**WHAT THE EXERCISE ASKS:**
When you reach the line with "Trying to keep an integration map accurate", transcribe it and each line after it through the last one below, exactly. Pictures stay out.

**COLLECTED DATA:**
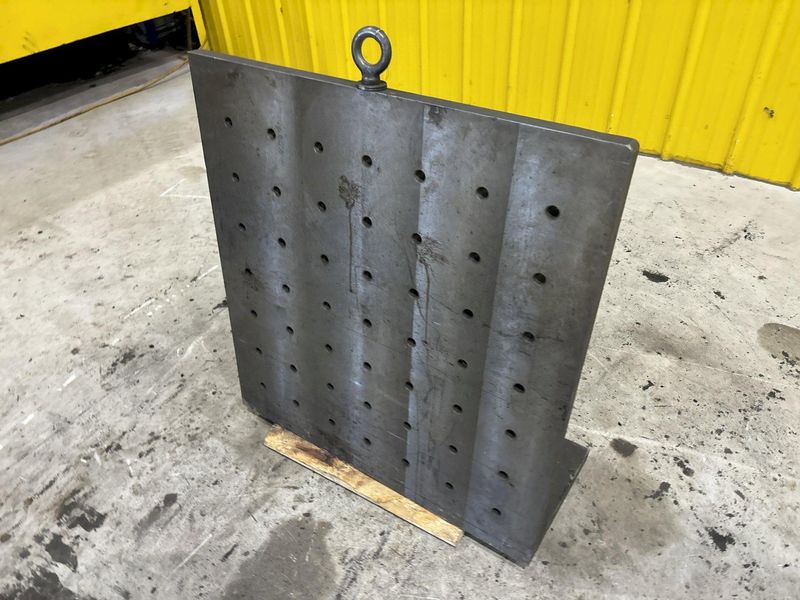30" X 32" X 13" ANGLE PLATE: STOCK #21793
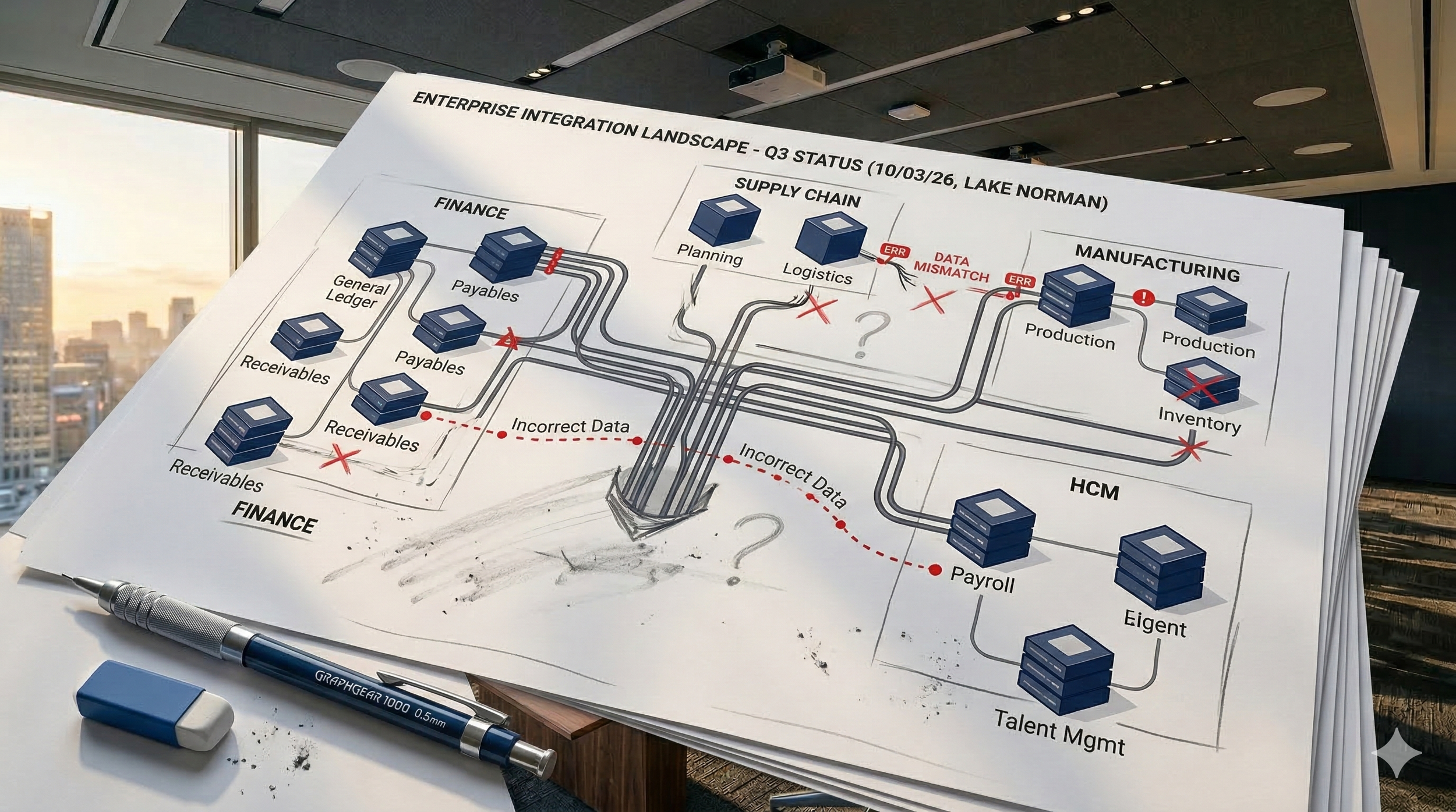 Trying to keep an integration map accurate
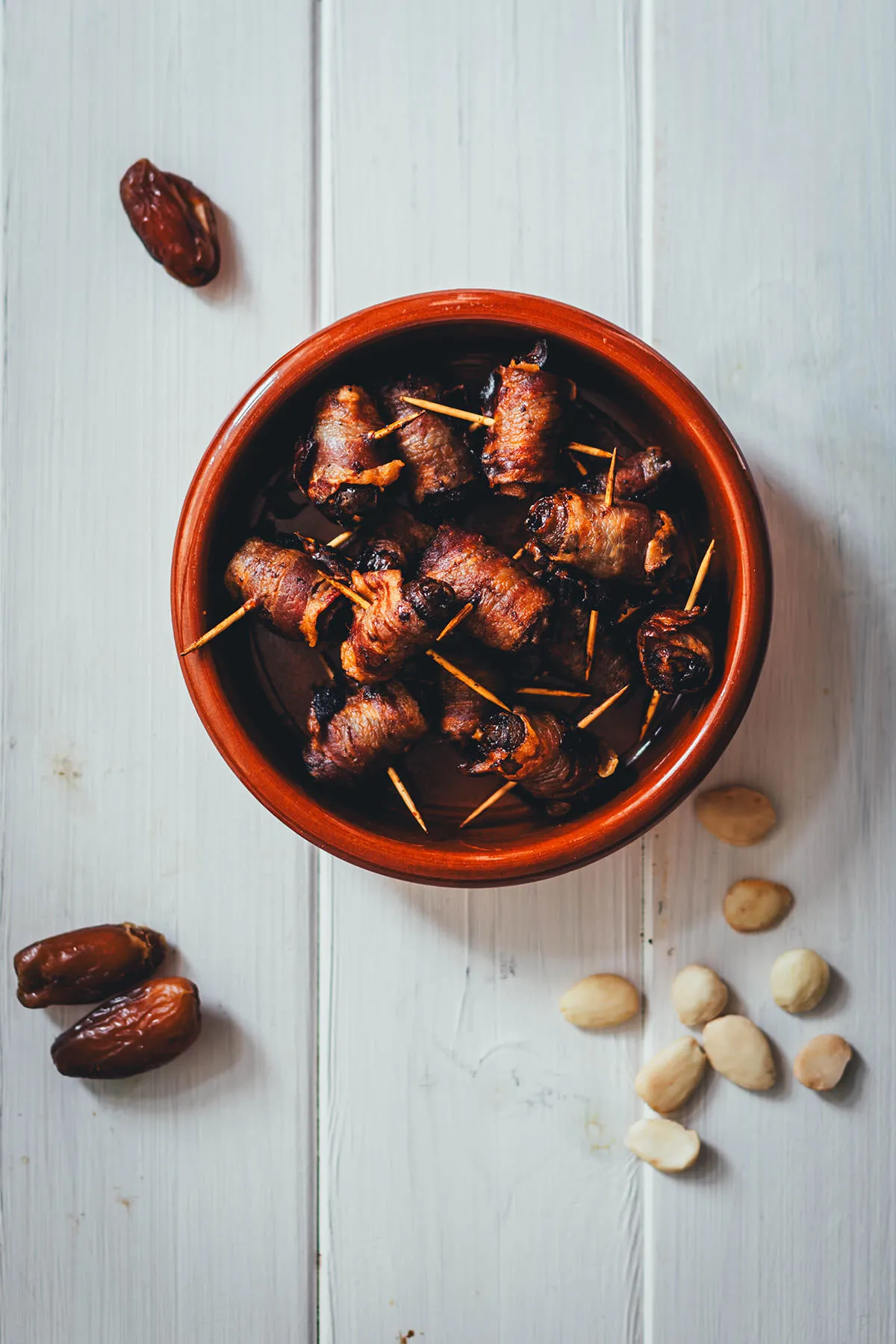 Datteln im Speckmantel, perfekt knusprig aus dem Airfryer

**EXPECTED ANSWER:**
 Trying to keep an integration map accurate
 Datteln im Speckmantel, perfekt knusprig aus dem Airfryer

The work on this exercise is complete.